What you should do
In the material below, write out each line word for word and omit the pictures.

Input material
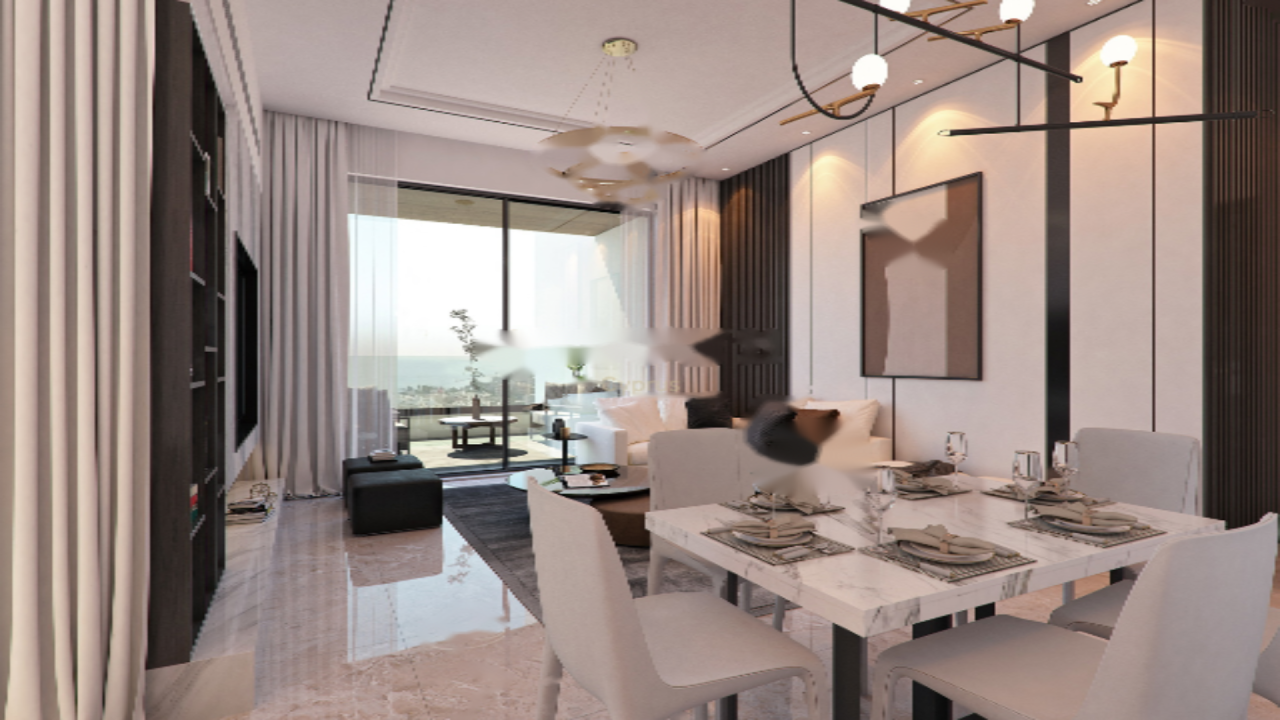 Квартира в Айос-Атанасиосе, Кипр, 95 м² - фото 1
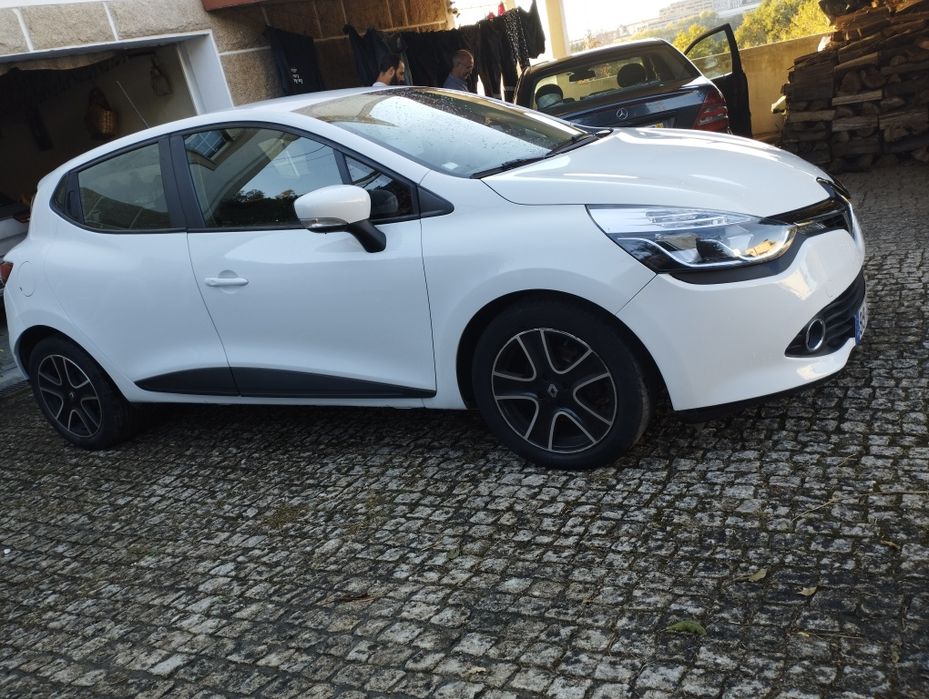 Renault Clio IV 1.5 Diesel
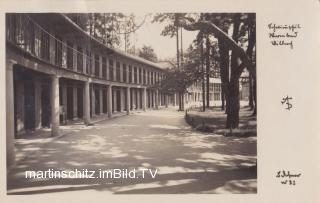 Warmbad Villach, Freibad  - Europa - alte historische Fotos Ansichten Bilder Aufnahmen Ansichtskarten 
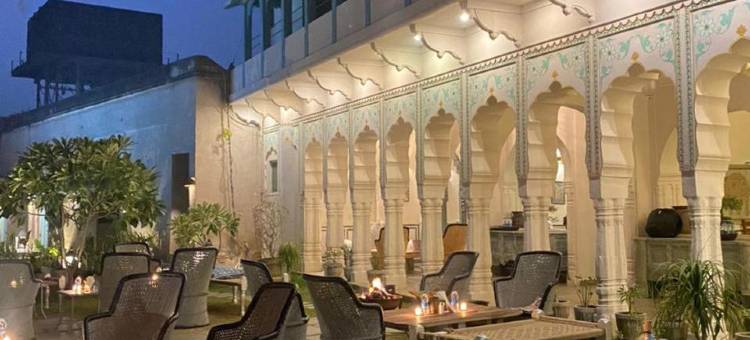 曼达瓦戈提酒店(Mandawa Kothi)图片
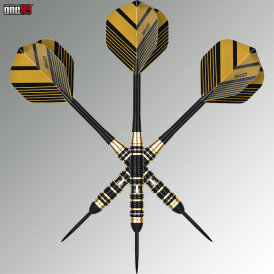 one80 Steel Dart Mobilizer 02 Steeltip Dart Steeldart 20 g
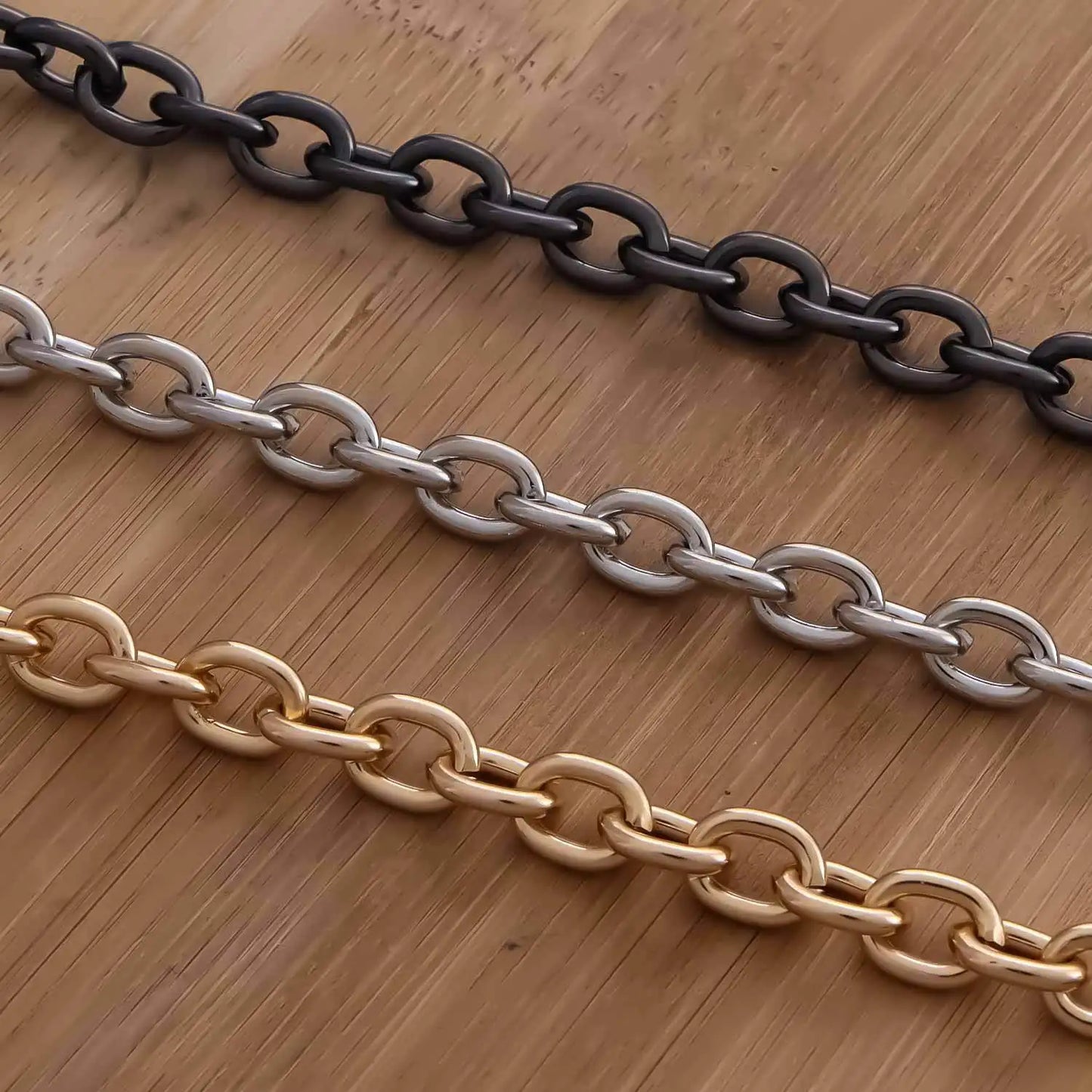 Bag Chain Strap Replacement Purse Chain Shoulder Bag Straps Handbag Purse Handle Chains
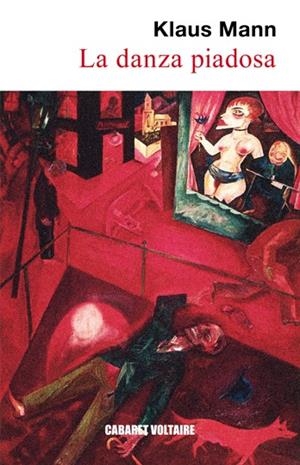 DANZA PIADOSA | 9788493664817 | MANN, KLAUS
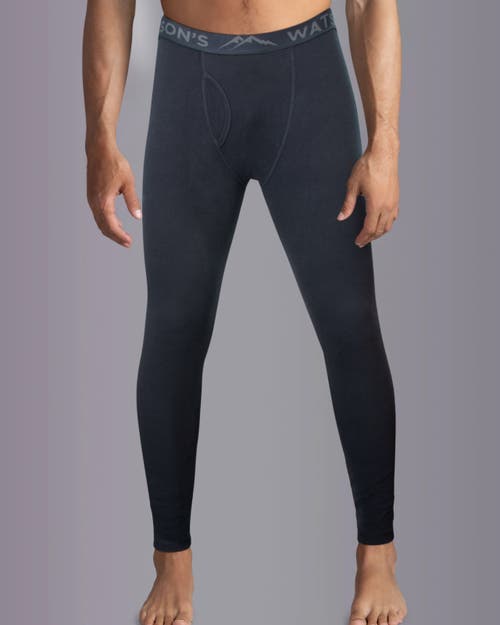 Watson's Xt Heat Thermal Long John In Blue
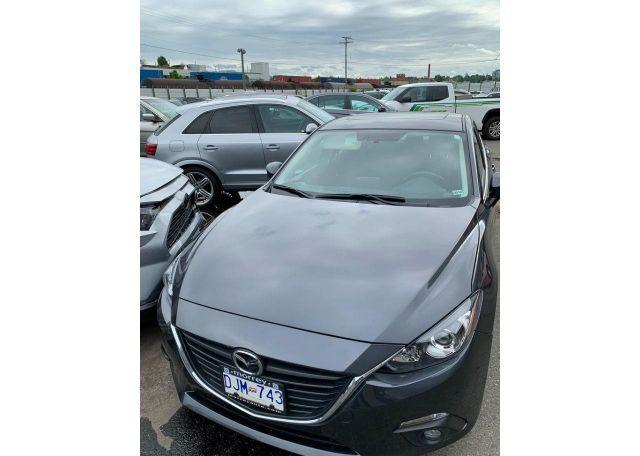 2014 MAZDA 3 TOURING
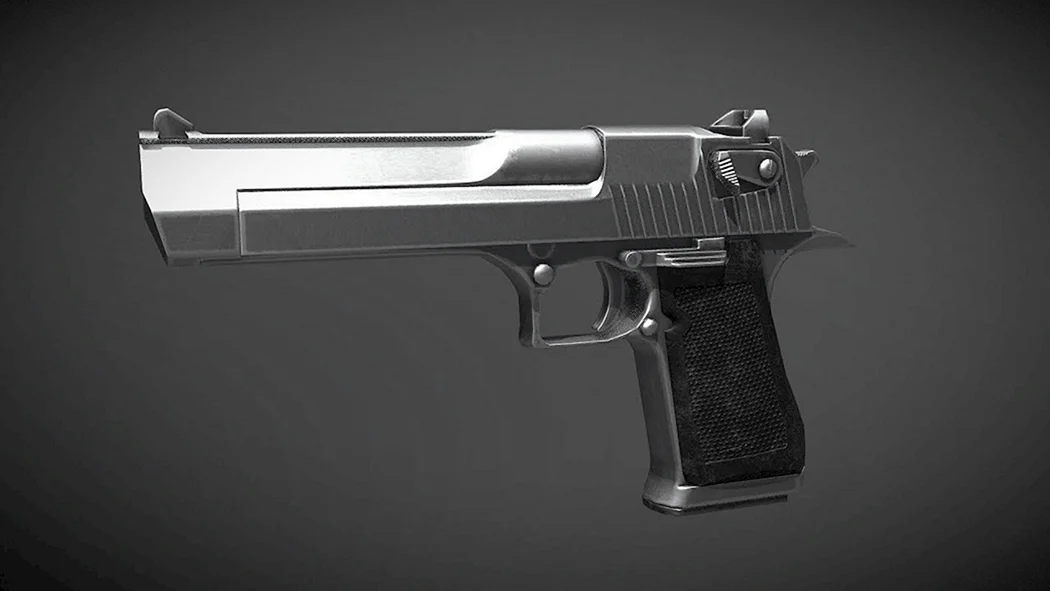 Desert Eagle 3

Exercise solution
 Квартира в Айос-Атанасиосе, Кипр, 95 м² - фото 1
 Renault Clio IV 1.5 Diesel
 Warmbad Villach, Freibad  - Europa - alte historische Fotos Ansichten Bilder Aufnahmen Ansichtskarten 
 曼达瓦戈提酒店(Mandawa Kothi)图片
 one80 Steel Dart Mobilizer 02 Steeltip Dart Steeldart 20 g
 Bag Chain Strap Replacement Purse Chain Shoulder Bag Straps Handbag Purse Handle Chains
 DANZA PIADOSA | 9788493664817 | MANN, KLAUS
 Watson's Xt Heat Thermal Long John In Blue
 2014 MAZDA 3 TOURING
 Desert Eagle 3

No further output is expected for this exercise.